Katherine, what is it like to touch the stars? I wish I could’ve asked you in person.

The New York Times wrote about you so beautifully this week: “They asked Katherine Johnson for the moon, and she gave it to them.” The words are so fitting to describe what you did for all of us. The human race is indebted to you. 

And the men, known well by the history books as the heroes in our race to the stars? They owe you their lives. 

Alan Shepard, first American in space. John Glenn, first American in orbit. Neil Armstrong, first human to walk upon the moon’s surface. Their success came at the scratch of your pencil and at your mind's mathematical genius.

It pains me to think we almost forgot about you — how history could have failed you and countless others who also loved the concept of reaching a new frontier. We only reached it because of your dedication. Your courage. Your perseverance in the face of the cruelest adversity. They made a film about you, but I think even the most poignant parts of it can’t quite capture your undefeatable spirit. 

Quite frankly, we didn’t deserve the use of your unbounded mind. This nation, full of people with hearts so deeply rooted in racism and misogyny — at the time, and unfortunately still now — doesn’t deserve the milestones you gave us.

I kept in mind your calculations and your sacrifices as I walked the halls of NASA this past summer. I read the biography written about you, supplied to me by two gracious engineers with whom I lived during the time I spent at Glenn Research Center.

I thought not only about you, either, which I think you’d be pleased to hear. More names filled my mind.

I thought of Mary Jackson and Dorothy Vaughan, your fellow mathematicians at Mother Langley.
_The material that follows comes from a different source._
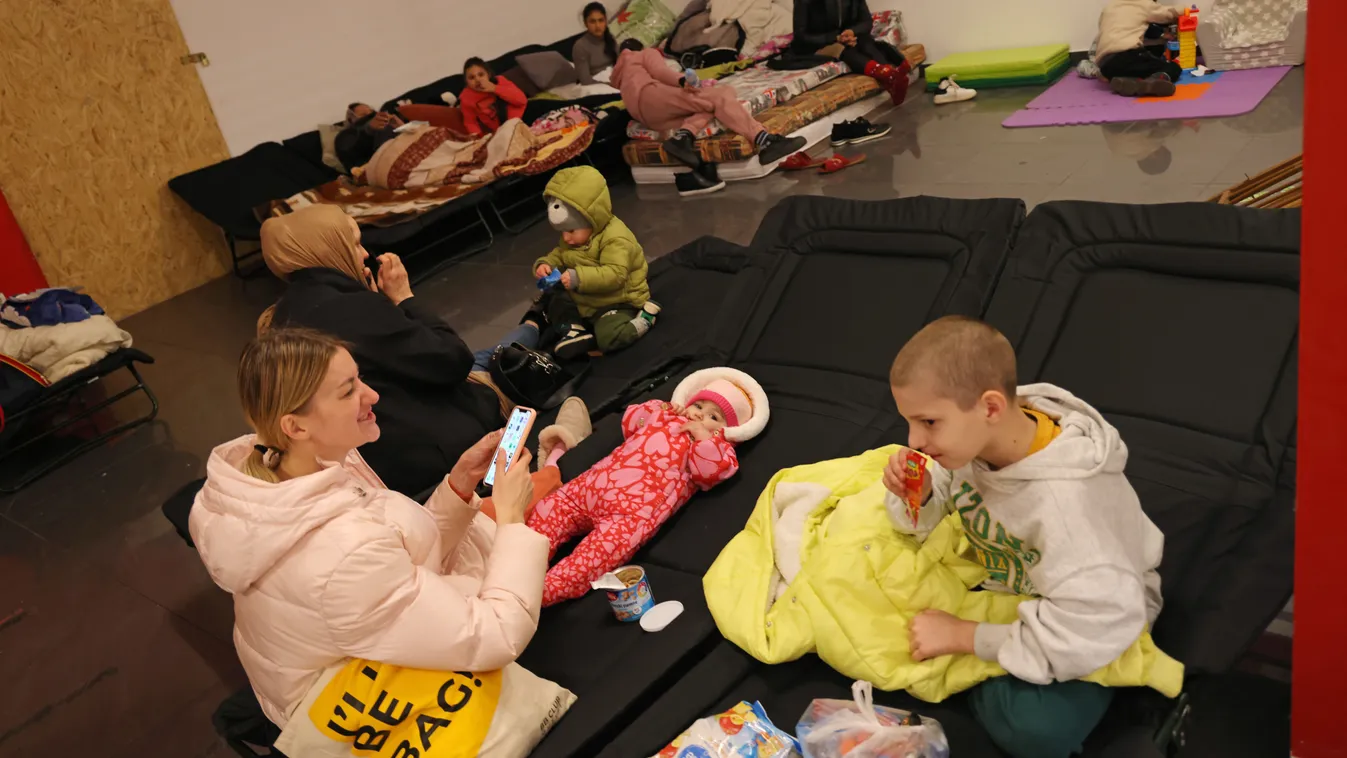 Így menekülnek el otthonról az ukrán emberek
I thought of Bessie Coleman. Sally Ride. Mae Jemison. Margaret Hamilton. Valentina Tereshkova. Christa McAuliffe. Judith Resnik. Sunita Williams. Ellen Ochoa. Liu Yang. Serena Auñón-Chancellor.

The list goes on. It is growing.

I saw your spirit every day. The women with whom I worked at NASA reflected it. Seeing their drive and hearing their words of encouragement instilled in me a sense of agency I’ve gotten nowhere else. Nothing I say or do could ever thank them enough for that.

We learned about your passing earlier this week. I haven’t cried so hard in months. As for me? I’m no mathematician, scientist or engineer. But I want to spend the rest of my life writing about people like you. 

I want to write about the “firsts.” I want to tell the world about the milestones and the breakthroughs, like the first all-women spacewalk that took place on Oct. 18, 2019. Of all the birthday presents I’ve ever asked for, that was the greatest one I've gotten — seeing Christina and Jessica emerge from the confines of the International Space Station together. 

I long to tell the world about your accomplishments, your grit, your willingness to sit down and work through even the most complex problems.

I want children to read about you and be gripped with inspiration about what you overcame — and how they, too, can overcome the obstacles they face.

As humankind reaches new frontiers — like putting a woman on the moon or Mars, at long last — I'll be there, working my hardest to make sure you and other women won't be hidden or forgotten.